5. Charleston, South Carolina
We swung through Charleston back in October 2009 on a quasi 2nd honeymoon roadtrip. I’d always heard about how nice Charleston was, but it actually surprised me. We stayed on the coast at Wild Dunes Resort, which I got a pretty great Priceline deal on. Having grown up in Alabama, I’m used to the powdery white sand beaches of the Gulf Coast, so I was in for a big shock when we hit the Atlantic. The sand was flat (and not sticky!), the sunrises were amazing, and the people were friendly.

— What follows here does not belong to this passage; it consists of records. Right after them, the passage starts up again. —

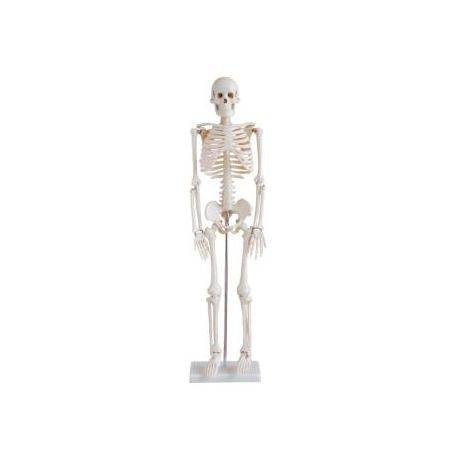 Esqueleto HC mini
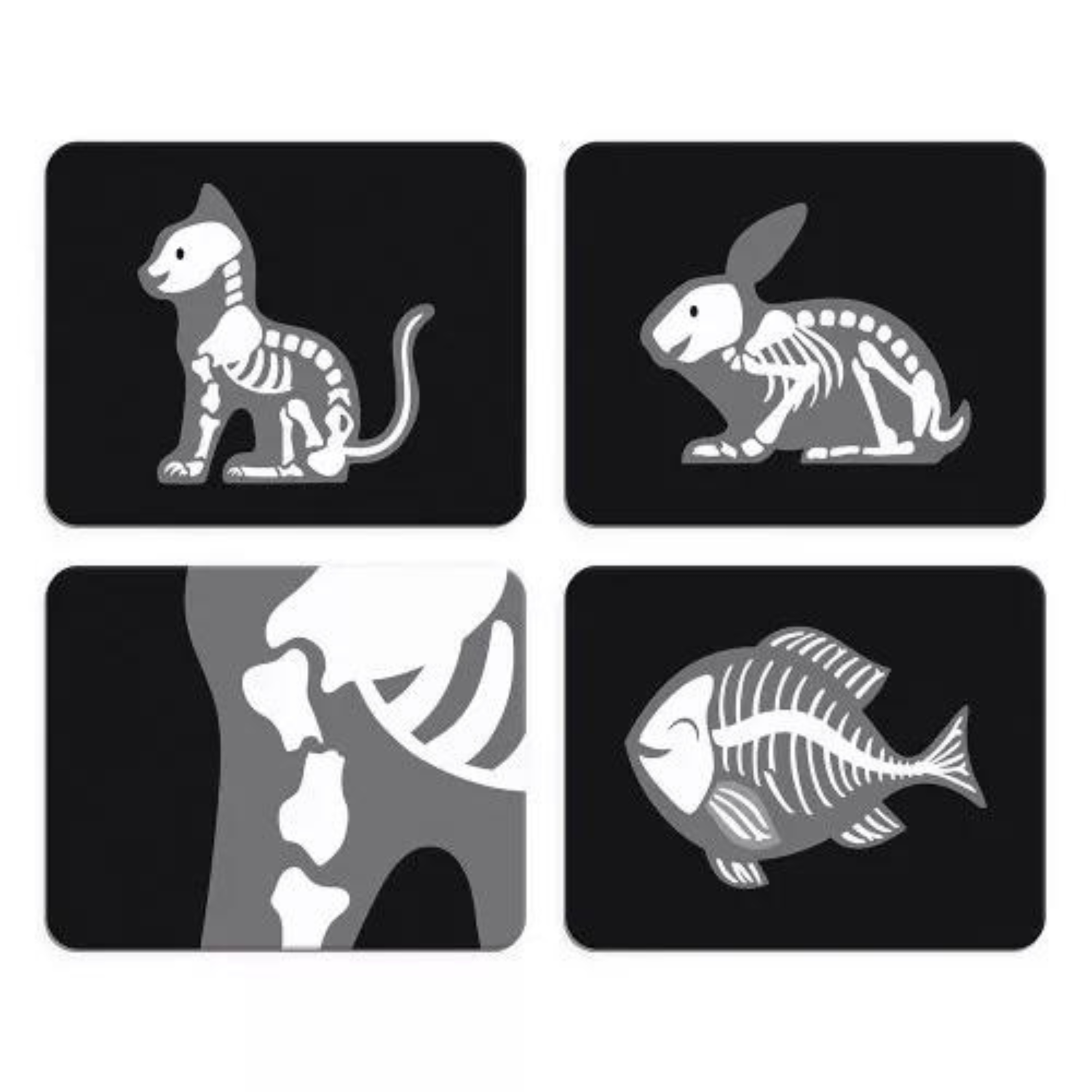 Le cas du vétérinaire JANOD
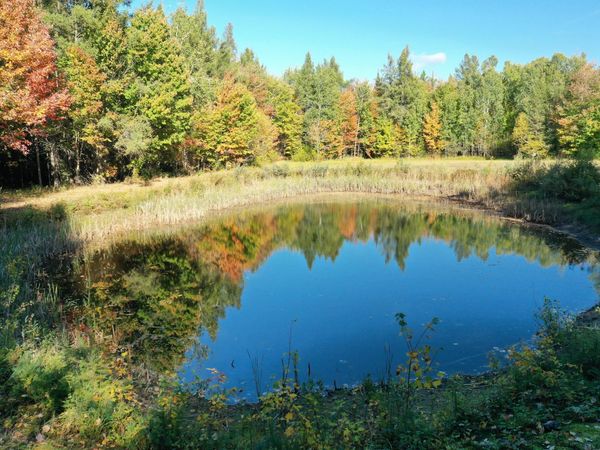TBD E 8 Mile RD, Sugar Island, MI 49783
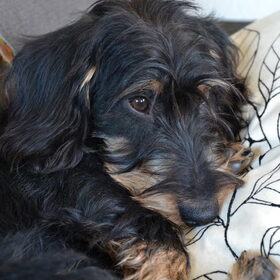 Hondenfoto van Pepijn & Otis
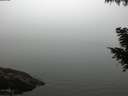 ./images/koeye/fitz-hugh/20200918/fitz-hugh20200918_184501.jpg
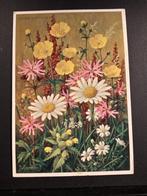 Margriet Boterbloem Koekoeksbloem etc J Voerman illustratie, Verzamelen, Ansichtkaarten | Themakaarten, Verzenden, 1960 tot 1980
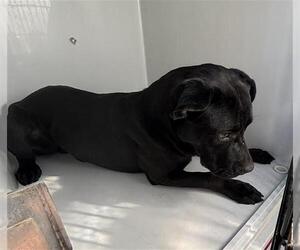 Labrador Retriever Dogs for adoption in Houston, TX, USA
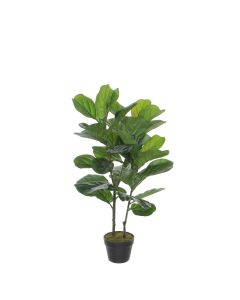 DEKOR DOM Cvet u saksiji FICUS LYRATA 100cm 1040427 - Green - EDL
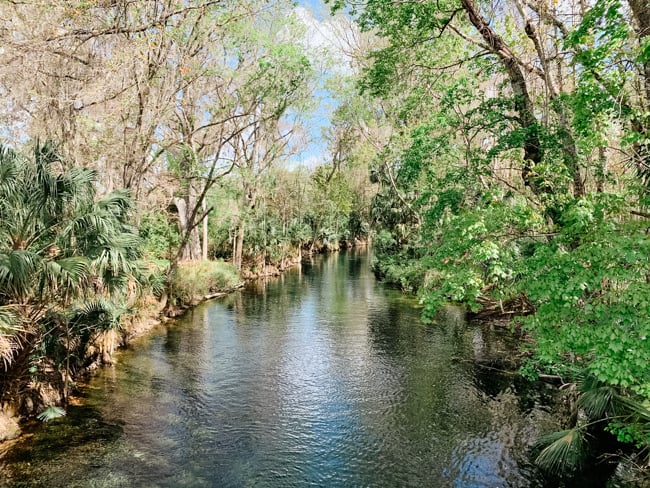 Silver Springs State Park - Springs Near Orlando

We spent the next day in Charleston itself. Our typical method of exploration is to find a parking spot for the car and then walk as far and as aimlessly as possible. Before long, we found ourselves at the Charleston Market commons. Set in open-air brick buildings that are hundreds of years old, the market is the premier shopping location for pretty much anything. From food to clothing to trinkets to art, you can find almost anything you’d want in one of the loveliest shopping spots in the southeast.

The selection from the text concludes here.